• _PROBLEM_
Copying rule for the data below: pictures stay out, and only the lines from the one with "雀巢奶粉问题，2008年的三鹿毒奶粉事件（雀巢奶粉问题后咖啡销量）" down to the one with "Плитка Керамогранит Atlas", inclusive, are repeated exactly.

───── EXCERPTED DATA ─────

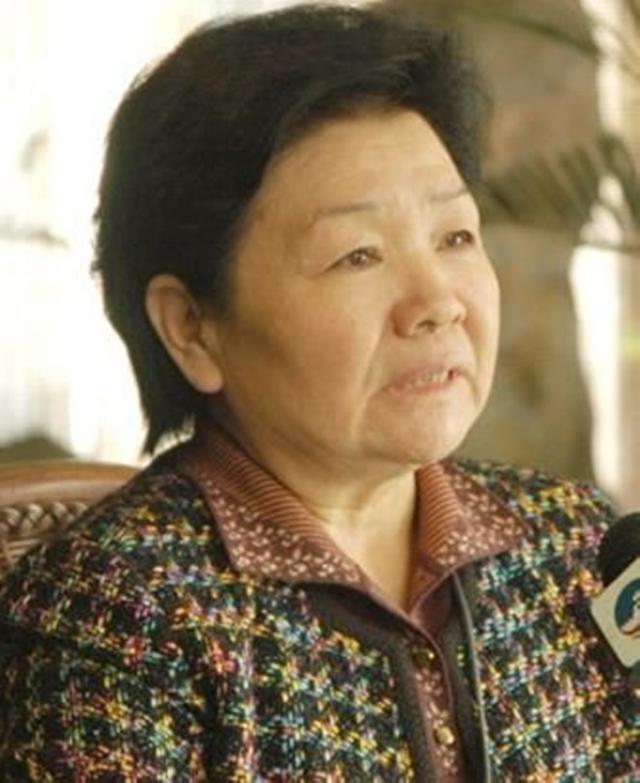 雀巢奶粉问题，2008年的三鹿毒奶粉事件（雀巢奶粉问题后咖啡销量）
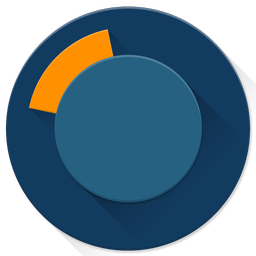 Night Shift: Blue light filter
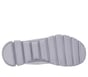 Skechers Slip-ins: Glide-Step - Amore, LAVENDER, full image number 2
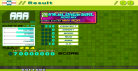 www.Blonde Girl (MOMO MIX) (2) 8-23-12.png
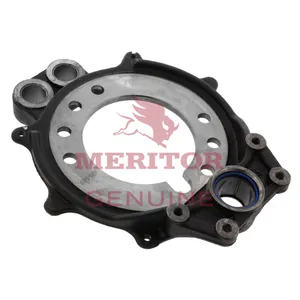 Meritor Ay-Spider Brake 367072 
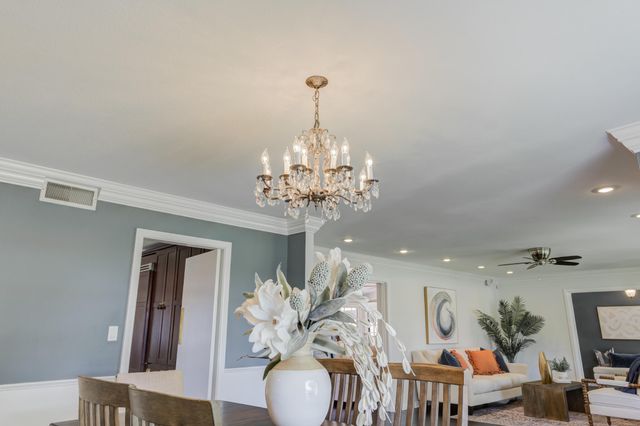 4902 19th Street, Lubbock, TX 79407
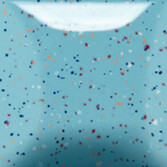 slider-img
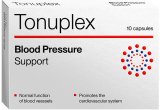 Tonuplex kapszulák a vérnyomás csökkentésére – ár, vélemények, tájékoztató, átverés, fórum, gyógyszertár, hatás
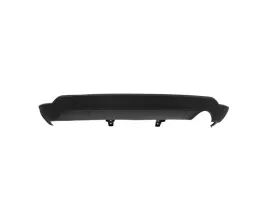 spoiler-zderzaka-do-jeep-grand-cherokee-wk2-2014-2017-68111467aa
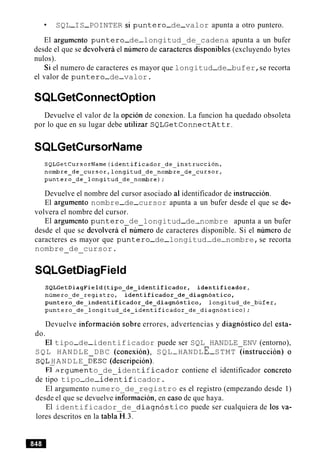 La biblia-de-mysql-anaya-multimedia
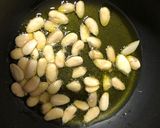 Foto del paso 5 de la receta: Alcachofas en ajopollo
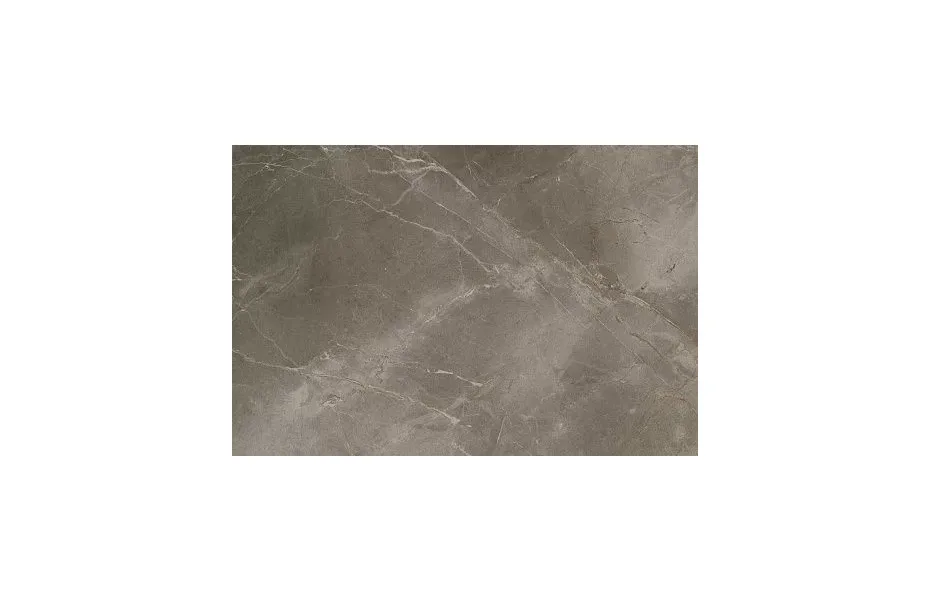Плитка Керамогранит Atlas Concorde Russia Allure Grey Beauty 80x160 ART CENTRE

─────
───── EXCERPTED DATA ─────

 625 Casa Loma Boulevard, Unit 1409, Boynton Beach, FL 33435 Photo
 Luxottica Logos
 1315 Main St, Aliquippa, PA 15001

─────

• _EXERCISE RESULT_
 雀巢奶粉问题，2008年的三鹿毒奶粉事件（雀巢奶粉问题后咖啡销量）
 Night Shift: Blue light filter
 Skechers Slip-ins: Glide-Step - Amore, LAVENDER, full image number 2
 www.Blonde Girl (MOMO MIX) (2) 8-23-12.png
 Meritor Ay-Spider Brake 367072 
 4902 19th Street, Lubbock, TX 79407
 slider-img
 Tonuplex kapszulák a vérnyomás csökkentésére – ár, vélemények, tájékoztató, átverés, fórum, gyógyszertár, hatás
 spoiler-zderzaka-do-jeep-grand-cherokee-wk2-2014-2017-68111467aa
 La biblia-de-mysql-anaya-multimedia
 Foto del paso 5 de la receta: Alcachofas en ajopollo
Плитка Керамогранит Atlas Concorde Russia Allure Grey Beauty 80x160 ART CENTRE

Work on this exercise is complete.